SPECIFICATION FOR THE ARPA NOVEMBER 1996 HUB 4 EVALUATION

  Approved by the SRCC July 26, 1996 and October 2, 1996; 
  this revision November 1, 1996

        (Developed by the Hub 4 working group, Richard Stern, Chair,
  with major input from George Doddington, Dave Pallett, and Charles Wayne.)


INTRODUCTION

This document concerns the specification of the Hub 4 test set for the 
November 1996 ARPA CSR Evaluation.  

The purpose of the 1996 Hub 4 evaluation is to improve the basic performance 
of speaker-independent unlimited-vocabulary recognition systems.   Using 
broadcast news sources, it is intended that the inclusion of a challenging 
combination of read speech, spontaneous speech, as well as a combination of 
recording environments in broadcast studios and in the field will provide 
impetus to improve core speech recognition capability, to improve the 
adaptability of recognition systems to new speakers, dialects, and recording 
environments, and to improve the systems' abilities to cope with the difficult 
problems of unknown words, spontaneous speech, and unconstrained syntax and 
semantics.  
 
The 1996 evaluation will consist of two components, referred to as the
"unpartitioned evaluation" component (UE) and the "partitioned evaluation" 
component (PE).  Sites will be required to evaluate on the PE, while the
UE is optional.  The UE will be similar to the 1995 Hub 4 evaluation in
that it contains relatively complete portions of television and radio news
broadcasts, but using a wider variety of source material than had been
employed in the 1995 evaluation.  The PE will contain all of the same
material as the UE, but manually segmented into homogeneous regions, plus
some additional material.  This component will provide for a set of
controlled contrastive conditions referred to as "evaluation focus
conditions" that are intended to supersede the hubs and spokes of the CSR
evaluations in previous years based on read speech from the Wall Street
Journal and other North American business news sources. 

        
DEFINITIONS AND TERMINOLOGY

For the purposes of this document, a "show" refers to a particular television
or radio broadcast production, encompassing all of the dates and times of 
broadcast.  Examples include "CNN Headline News" and "NPR All things 
Considered".

An "episode" refers to an instance of a show on a particular date (and 
possibly time), such as "All Things Considered on July 5, 1996" or 
"CNN Headline News at 1000 EDT on July 5, 1996".

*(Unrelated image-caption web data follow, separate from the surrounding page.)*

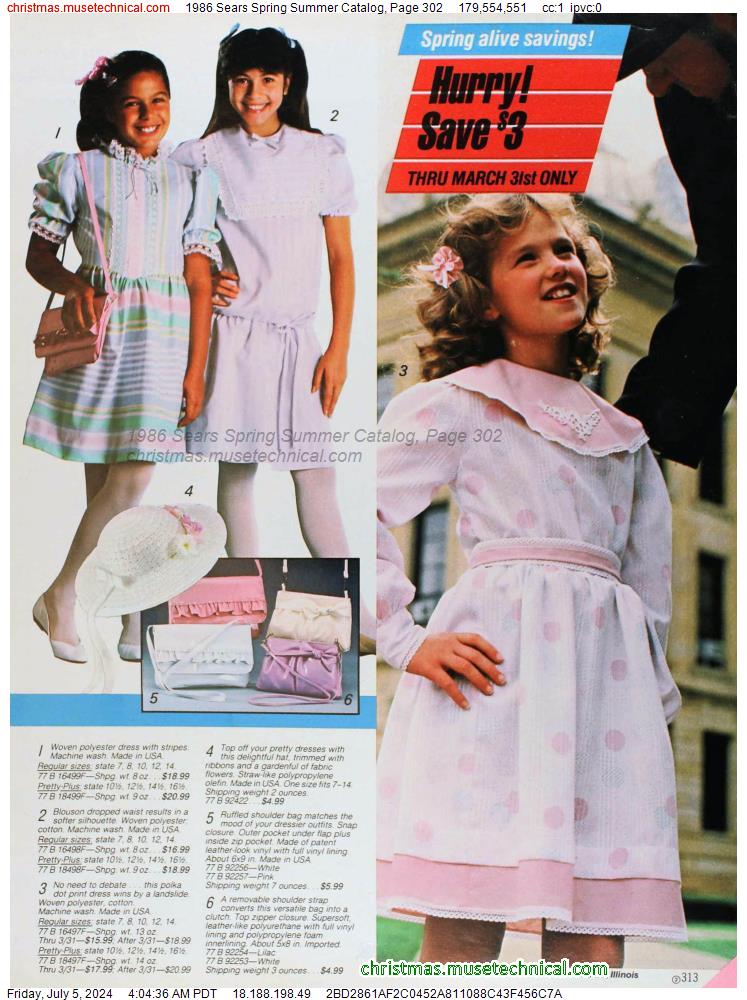 1986 Sears Spring Summer Catalog, Page 302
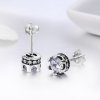 Brincos Petit Coroa brilhante estilo Pandora - SCE311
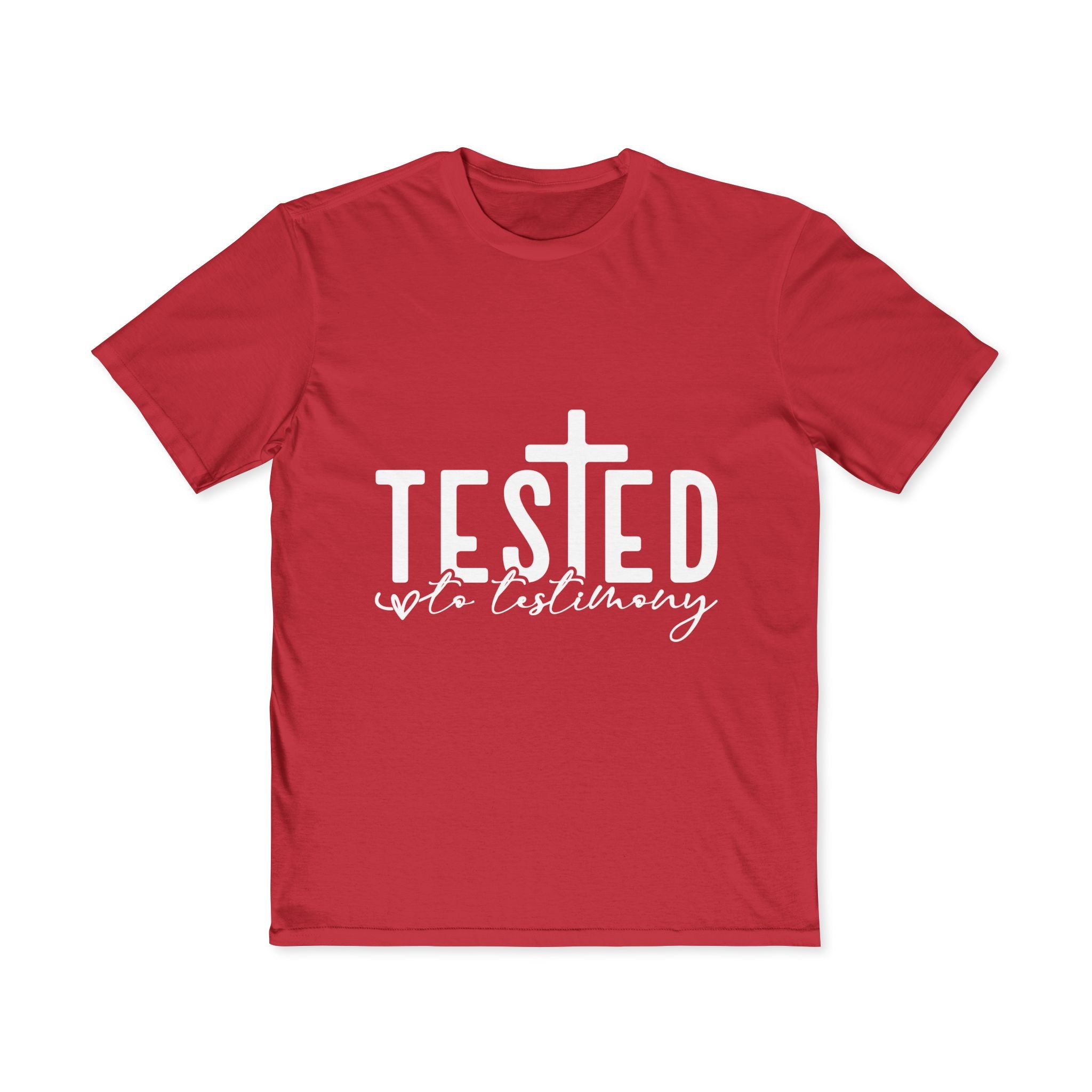 Tested & Testimony Men's Christian T-Shirt — "Tested, yet testimony" Faith Tee
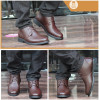 LuoDiRam Brand Hot Sale Men Leather Boots, Men Ankle Boots, Fashion Leather Men Winter Shoes, Genuine Leather Men Boots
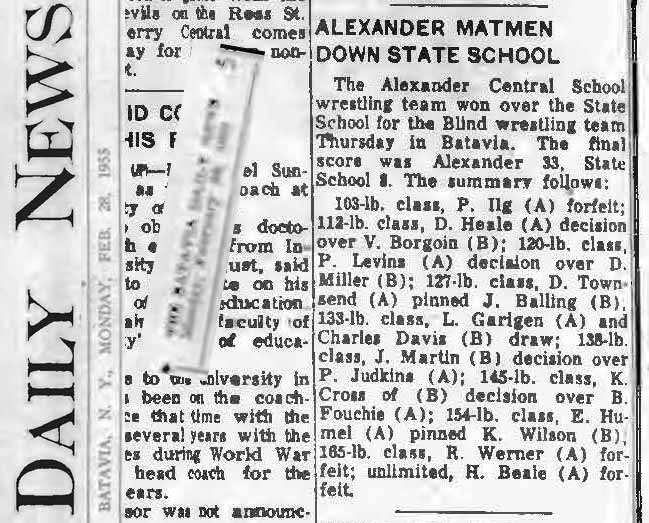 Alexander Matmen Down State School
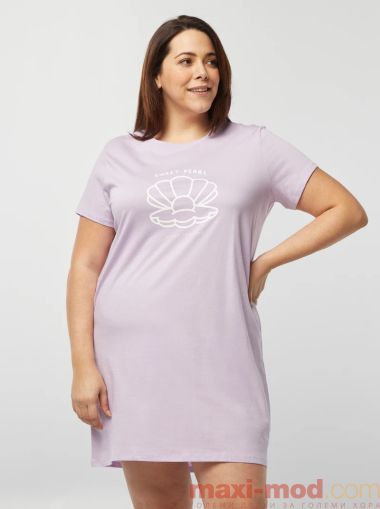 Голям размер дамска нощница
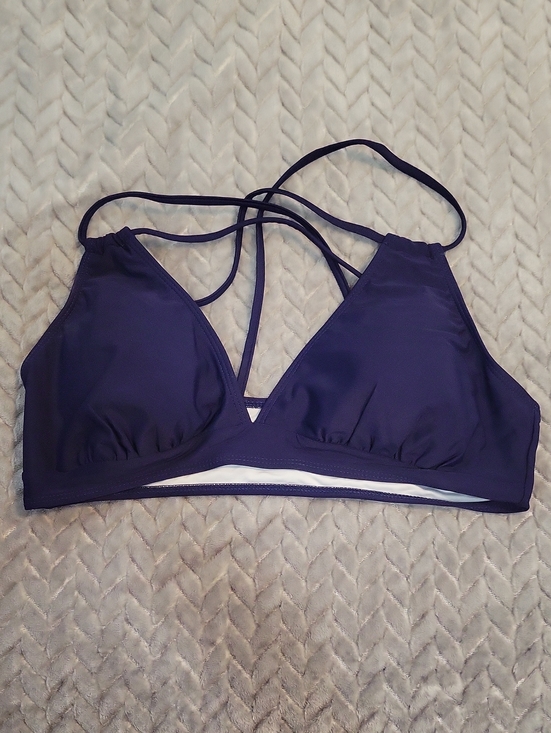 Other - Strappy Triangle Bikini Bralette in Navy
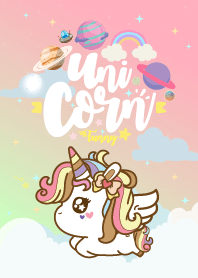 Unicorn Funny Galaxy Peach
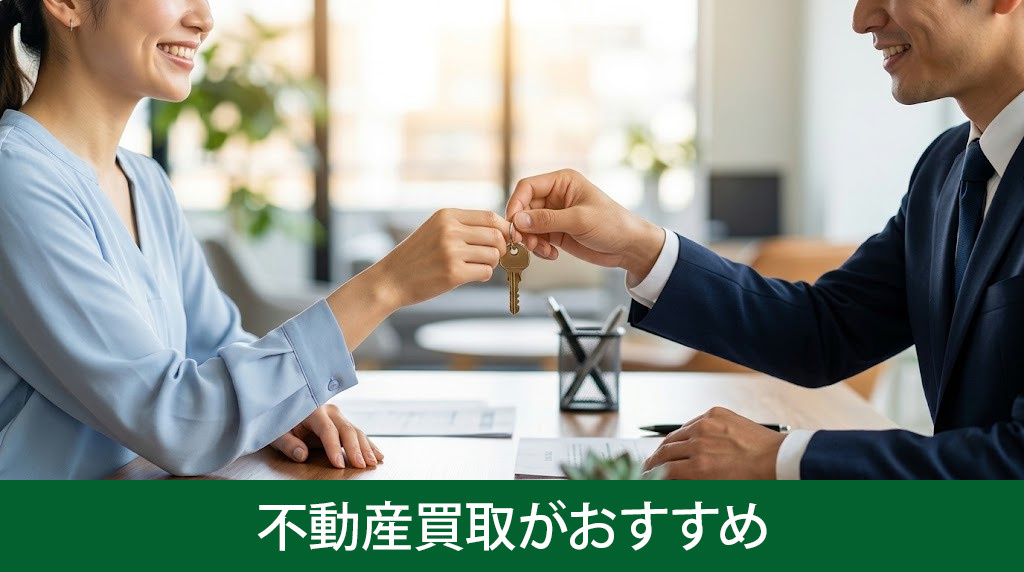 早期売却を目指すなら不動産買取がおすすめ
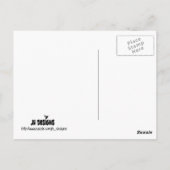 Lily Vertical Briefkaart (Achterkant)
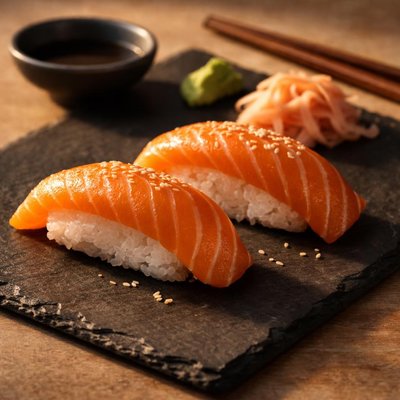 Sushi nigiri - salmon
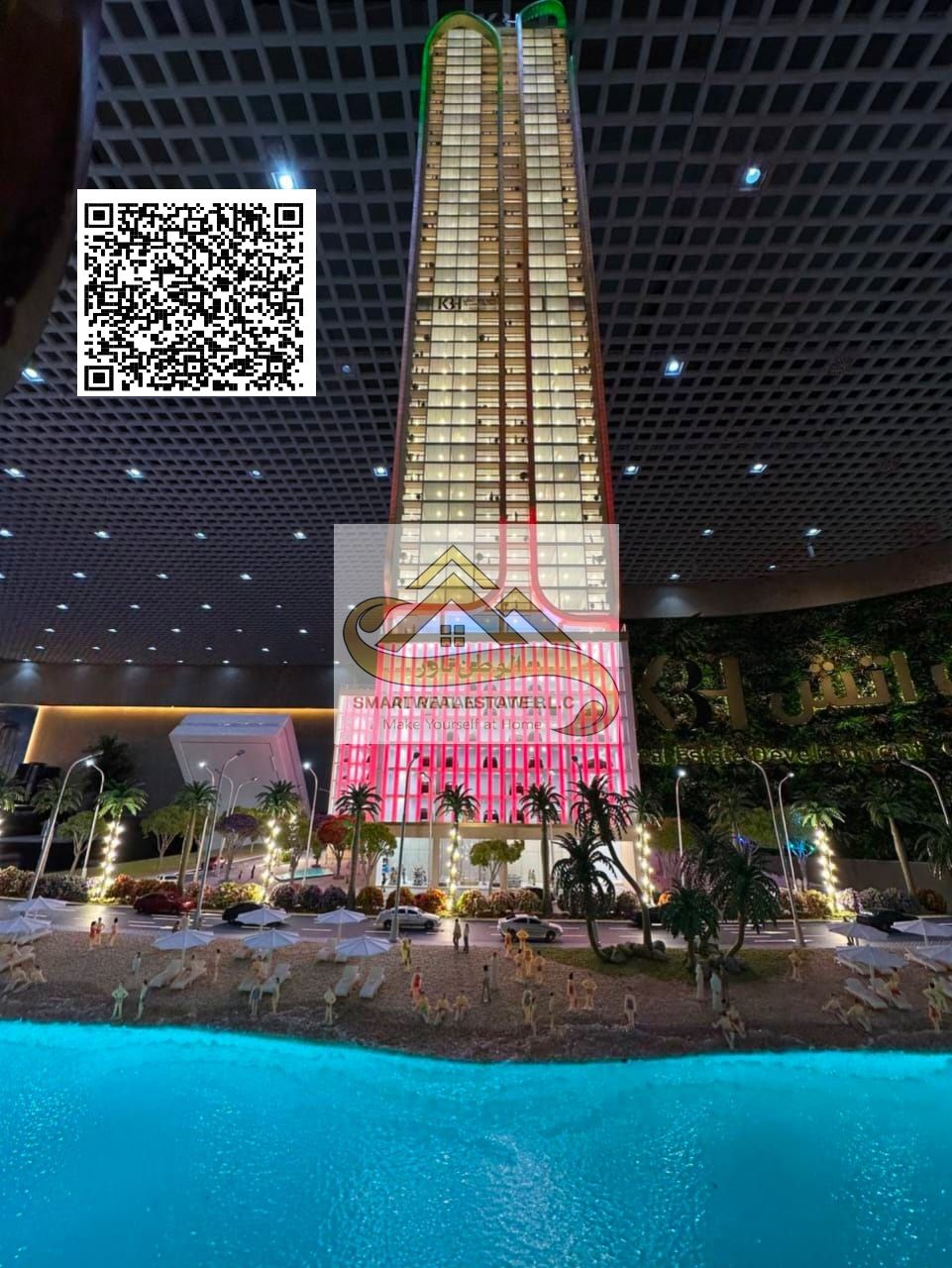 1bed room and a hall big size for sale in al watan tower ajman withe two batheroom and a big seperate kitchen and balcony withe beautiful view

A "portion" is a subset of an episode.  It generally contains multiple speech
styles or recording environments.

A "story" is a contiguous subset of a portion that describes or discusses
a single topic.

A "segment" refers to a contiguous section of audio for which the "Focus 
Conditions for the Partitioned Evaluation" as defined below remain unchanged.

                
EVALUATION TEST DATA
 
The evaluation test data will be obtained from the audio component of a 
variety of television and broadcast news sources.  Broadcast sources for which 
the Linguistic Data Consortium (LDC) has obtained legal clearances for use in 
this evaluation include television news programs from CNN, ABC, and C-SPAN, as 
well as news radio broadcasts from NPR.

* Evaluation Test Data Goals

The evaluation test data will consist of approximately 2.5 hours of speech.  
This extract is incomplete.